4. En l'espèce, il ressort des pièces du dossier, et notamment des déclarations de M. A telles qu'elles ont été consignées dans le compte-rendu d'entretien avec le représentant de l'OFPRA, que le requérant soutient qu'appartenant à la communauté ewé, il est originaire de Lomé et rejoint l'ANC il y a une dizaine d'année, que déçu de la stratégie du parti et de son dirigeant, il rejoint le DMK en février 2021, qu'il participe à la campagne électorale dès janvier 2022 en vue des élections présidentielles du mois de février, qu'à ce titre, il entre en conflit avec un officier résidant dans le quartier d'Adewui, où il fait campagne et continue à faire l'objet de représailles après les élections.

5. Si le récit de M. A est, sur certains points imprécis, les motifs des craintes invoquées par le requérant ne sont pas dépourvus de pertinence et de crédibilité, au regard de ses déclarations à l'audience.

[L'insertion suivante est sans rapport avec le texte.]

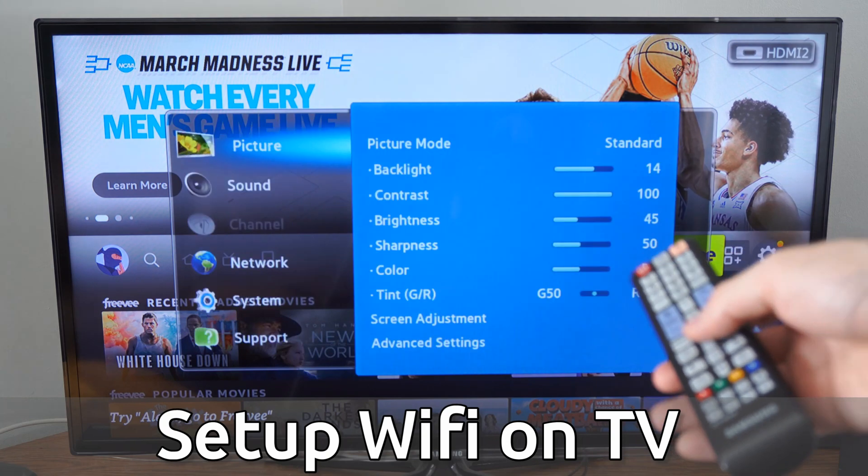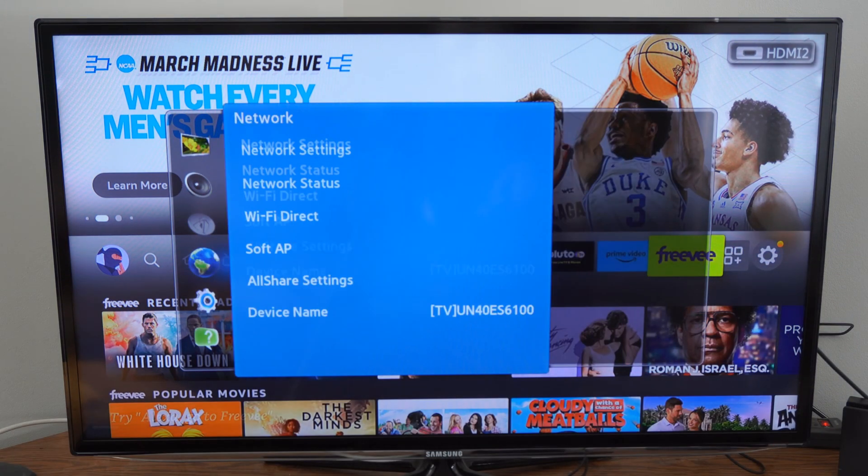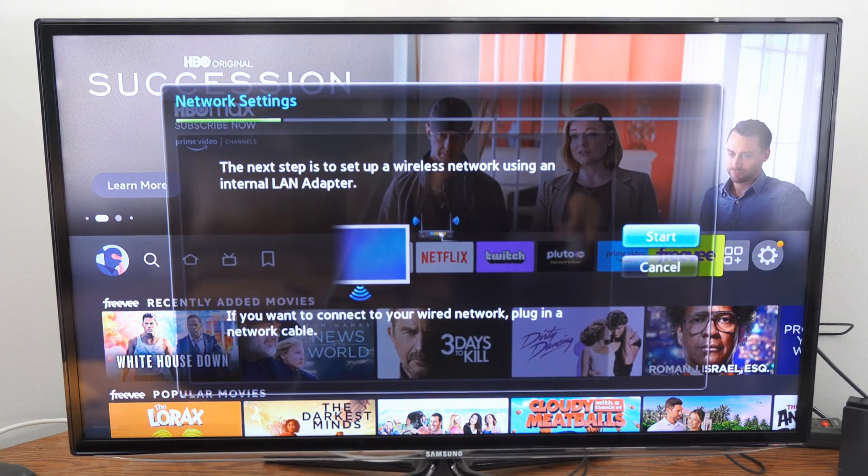Now, if I press the menu button on my remote, I want to go on down to network. Then go to the right and go to network settings right here and select this. Then go to start to scan for networks.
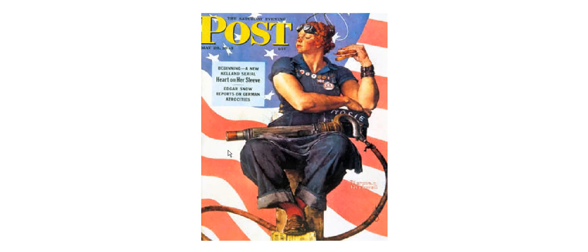So there's Rosie standing next to any man in any factory and holding her own. Good for her.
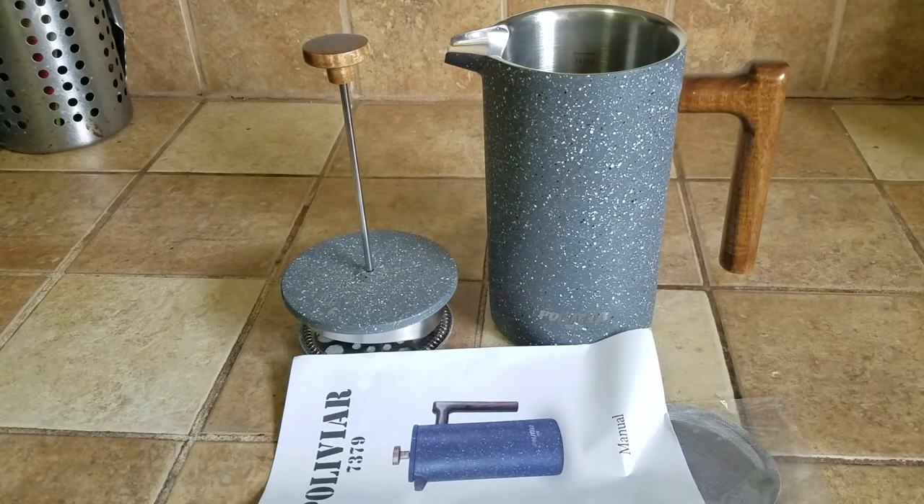It is a really nice heavy duty French press that I will definitely enjoy. As always, thank you so much for watching — I'll see you guys and girls on the next video. Take care, people, bye!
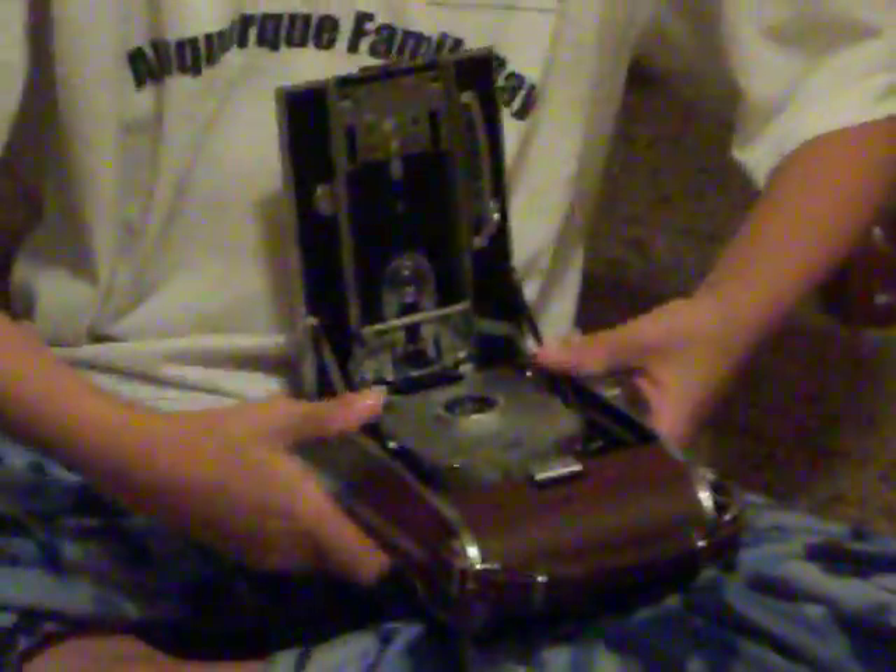This is a neat little camera. I got this camera at a garage sale for 15 bucks with its whole outfit. For a black and white picture it only took a few seconds to be developed, and for a color picture it took about a minute to be developed.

L'intéressé apparaît à même d'expliquer les motivations de son engagement politique et décrit avec suffisamment de précisions les circonstances de son altercation avec un officier lors d'une campagne électorale ainsi que ses craintes résultant des visites de militaires à son domicile. Dans ces conditions, le ministre de l'intérieur et des outre-mer en considérant que la demande de l'intéressé d'entrer sur le territoire français était manifestement infondée, a commis une erreur de droit au regard des dispositions précitées de l'article L. 352-1 du code de l'entrée et du séjour des étrangers et du droit d'asile.

6. Il résulte de tout ce qui précède, sans qu'il soit besoin d'examiner les autres moyens de la requête, que la décision du 1er décembre 2022 du ministre de l'intérieur et des outre-mer doit être annulée.

Sur les conclusions aux fins d'injonction :

7. Le présent jugement qui annule la décision querellée du ministre de l'intérieur et des outre-mer implique nécessairement qu'il soit enjoint au préfet territorialement compétent de délivrer à M. A une autorisation provisoire au titre de l'asile dans un délai d'un mois à compter de sa notification.

Sur les frais d'instance :

8. M. A est assisté à l'audience par un avocat commis d'office. Dès lors, les conclusions qu'il présente sur le fondement de l'article L.761-1 du code de justice administrative doivent être rejetées.

D E C I D E :

Article 1er : La décision du 1er décembre 2022 du ministre de l'intérieur et des outre-mer est annulée.

Article 2 : Il est enjoint au préfet territorialement compétent de délivrer à M. A une autorisation provisoire au titre de l'asile dans un délai d'un mois à compter de la notification du présent jugement.

Article 3 : Le surplus des conclusions de la requête est rejeté.

Article 4 : le présent jugement sera notifié à M. D A et au ministre de l'intérieur et des outre-mer.

Jugement rendu en audience publique le 7 décembre 2022.

Le magistrat désigné,La greffière

D. HEMERY A. DEPOUSIER

La République mande et ordonne au ministre de l'intérieur et des outre-mer en ce qui le concerne, et à tous commissaires de justice à ce requis en ce qui concerne les voies de droit commun, contre les parties privées, de pourvoir à l'exécution de la présente décision.